If the opportunity presents itself, I would love to hear how they explain the need to replenish the DEF at this mileage.


----------



## F32Fleet (Jul 14, 2010)

Diesel Power said:


> The DEF service warning light just activated on my 2011 335d at 6,771 miles. I have a service appointment scheduled to replenish tomorrow. We'll see if any OBD fault codes are stored.


I think there's a chronic case of underfilling at the factory.


----------



## Snipe656 (Oct 22, 2009)

Wonder if enough people complained about wanting a way to gauge the level in the car if they'd add that, yeah I know that is just dreaming on my part.


----------



## tlak77 (Aug 5, 2009)

Snipe656 said:


> Wonder if enough people complained about wanting a way to gauge the level in the car if they'd add that, yeah I know that is just dreaming on my part.


I did, even send an email while back to BMW NA, also asked bavarian technic (since I have their cable) to add option of checking level sensor data for active and passive tank. I doubt anything will come out of it.


----------



## Neutrinolad (Jun 23, 2009)

Is that a Specialized road bike you got there? Nice to see some other riders here in the d forums.


----------



## dunderhi (Dec 10, 2006)

Neutrinolad said:


> Is that a Specialized road bike you got there? Nice to see some other riders here in the d forums.


It's a Velo Vie.


----------



## Diesel Power (Oct 2, 2010)

The dealer added 2.5 gallons of DEF and needed to drive the vehicle around for several minutes in order to reset. I was told they couldn't reset via the computer (not sure why). Headed out of town for the Thanksgiving holiday (1,600 miles round trip). My 335d performed flawlessly during the 10-hr extended drive. No more problems with the DEF warning.


----------



## MrBonus (Jun 26, 2010)

My car has a fault that isn't allowing transfer between the active and passive tanks. I've got a Pontiac Vibe on loaner. So much fun.


----------



## F32Fleet (Jul 14, 2010)

MrBonus said:


> My car has a fault that isn't allowing transfer between the active and passive tanks. I've got a Pontiac Vibe on loaner. So much fun.

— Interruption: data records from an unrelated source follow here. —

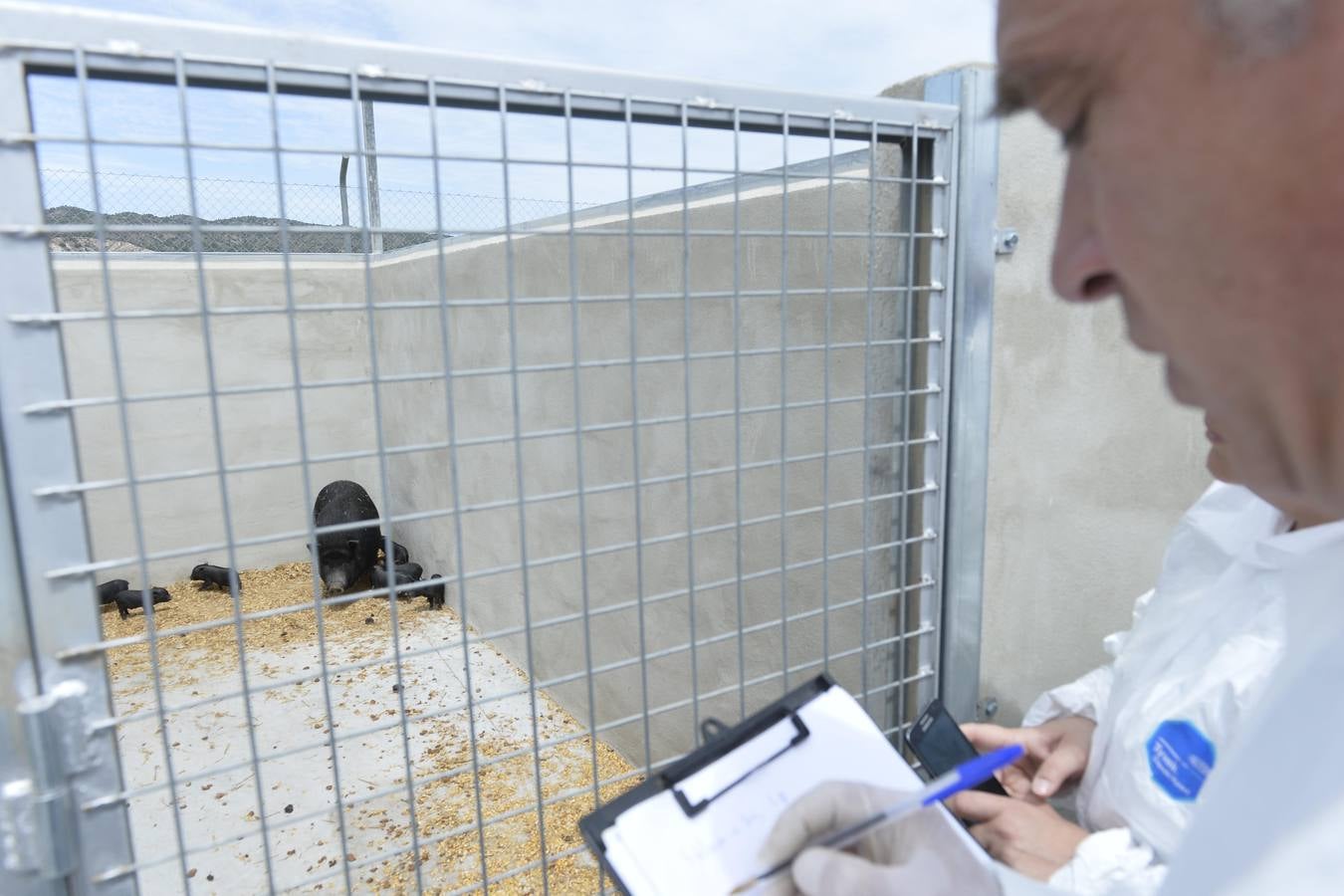 Casi todos los cerdos cogidos en Los Mateos acaban en el matadero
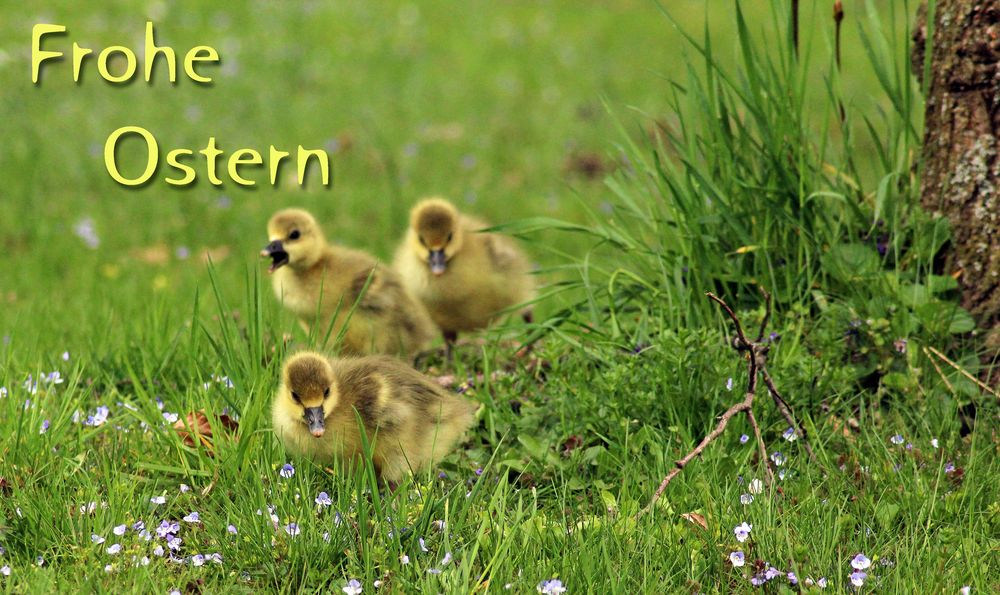 FROHE OSTERN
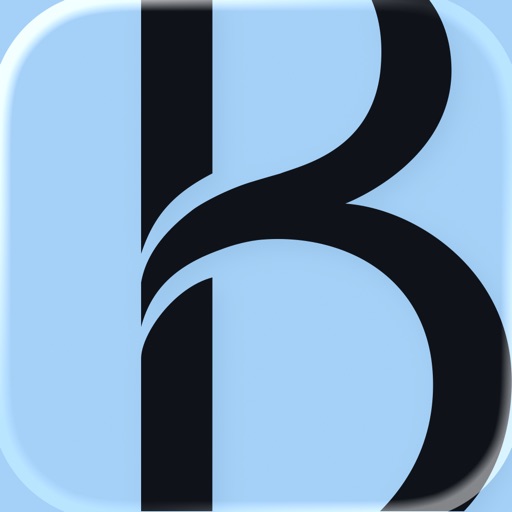 blacklane: private chauffeurs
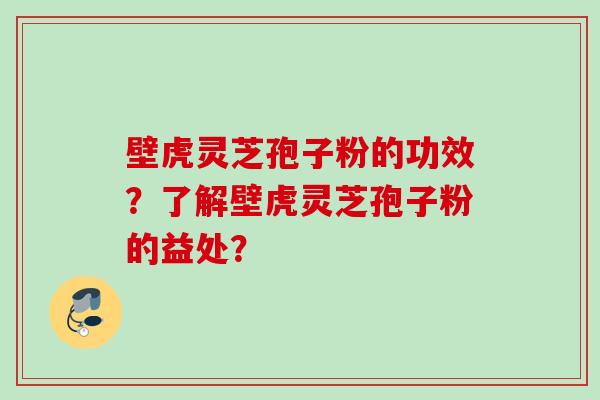 壁虎灵芝孢子粉的功效？了解壁虎灵芝孢子粉的益处？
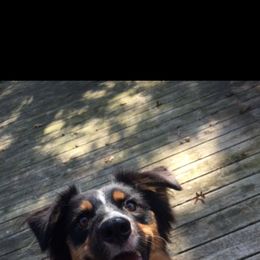 Asha - Black tri-color Australian Shepherd puppy in Poway, California from Side Tongue Shepherds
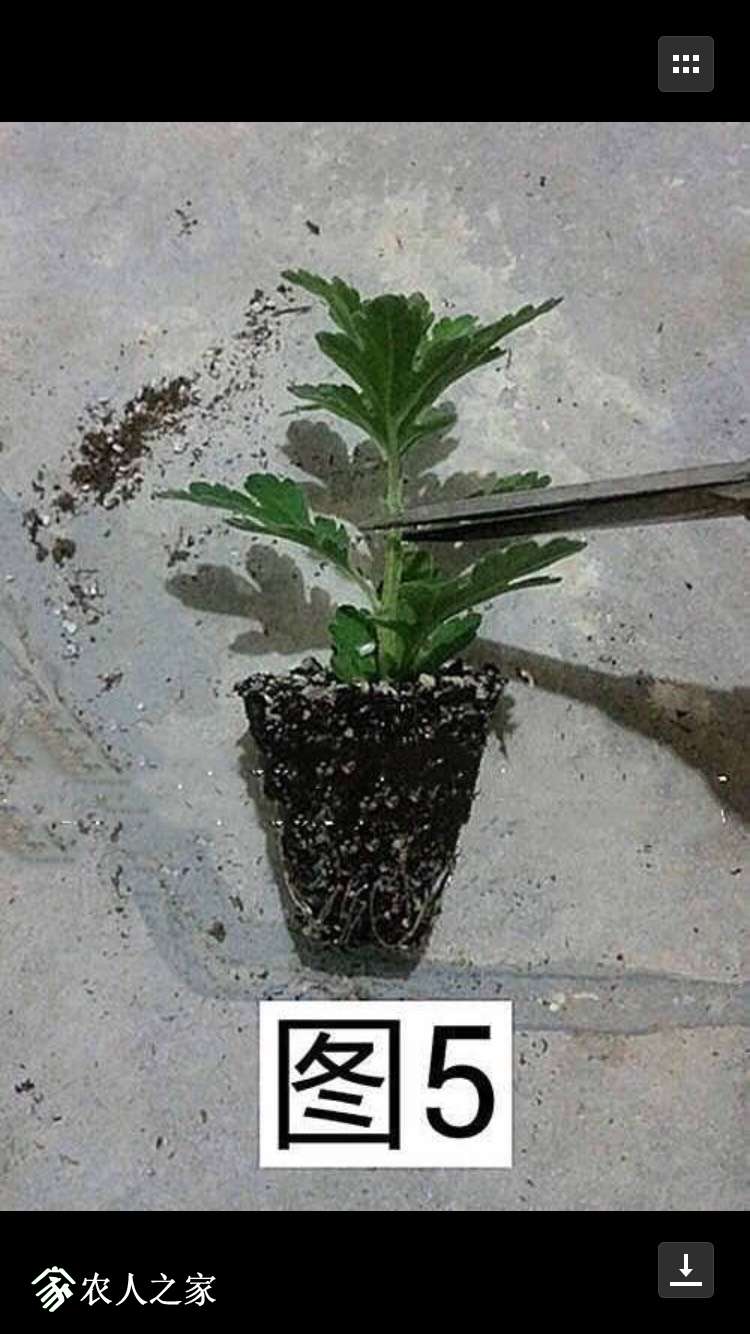 082120wh5ozt7xk27xcxoo.jpg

I wish someone could chime in with regards to the reasoning behind having an active and passive tank. Seems needlessly expensive to build.


----------



## MrBonus (Jun 26, 2010)

BMWTurboDzl said:


> I wish someone could chime in with regards to the reasoning behind having an active and passive tank. Seems needlessly expensive to build.

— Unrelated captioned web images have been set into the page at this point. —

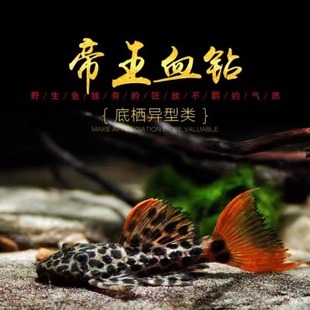 异型鱼帝王血钻L600清道夫热带鱼南美鱼清缸除藻包邮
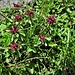 Thymus pulegioides L.<br />Lamiaceae<br /><br />Timo goniotrico<br />Thym pouliot<br />Arznei-Feld-Thymian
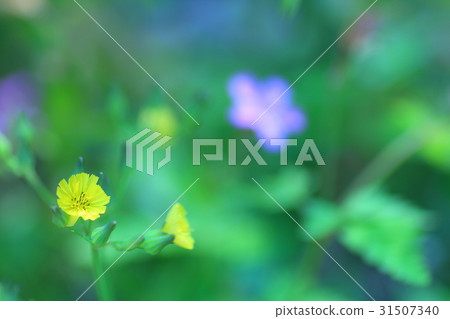 黃色的小花 黃色的小花 31507340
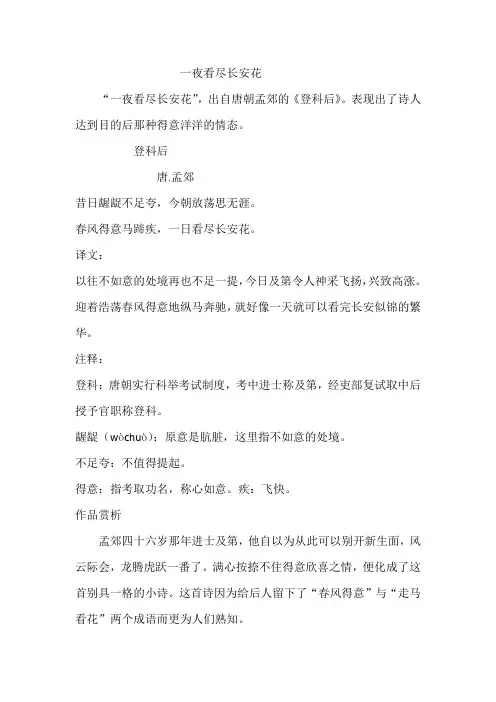 一夜看尽长安花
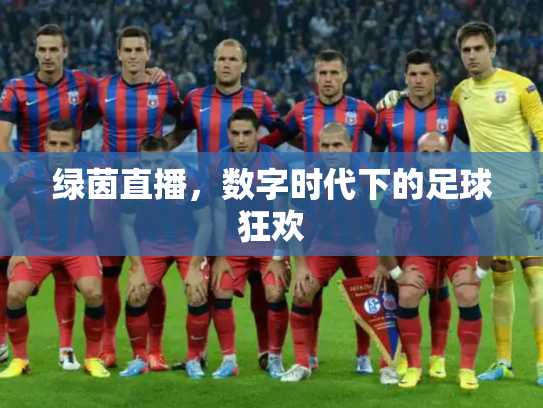 绿茵直播，数字时代下的足球狂欢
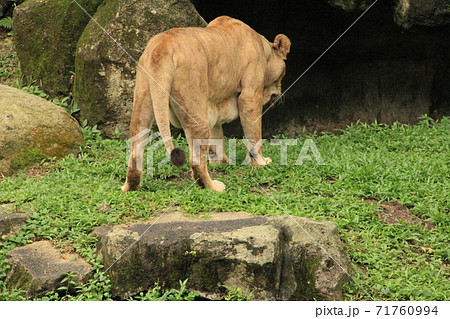 後姿 ライオン 肉食動物 サファリの写真素材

No kidding. It seems like another item that's there to create service revenue.

I wonder if it's simply cost prohibitive to keep an entire 6 gallon tank heated so they have the smaller, heated primary with the unheated secondary tank.


----------



## Penguin (Aug 31, 2003)

MrBonus said:


> No kidding. It seems like another item that's there to create service revenue.
> 
> I wonder if it's simply cost prohibitive to keep an entire 6 gallon tank heated so they have the smaller, heated primary with the unheated secondary tank.


I suspect it has to do with the battery drain required to heat the entire supply of DEF, e.g., when it get's below 10-20 degrees F, you want to minimize the drain on the battery while the vehicle is sitting.


----------



## MrBonus (Jun 26, 2010)

Penguin said:


> I suspect it has to do with the battery drain required to heat the entire supply of DEF, e.g., when it get's below 10-20 degrees F, you want to minimize the drain on the battery while the vehicle is sitting.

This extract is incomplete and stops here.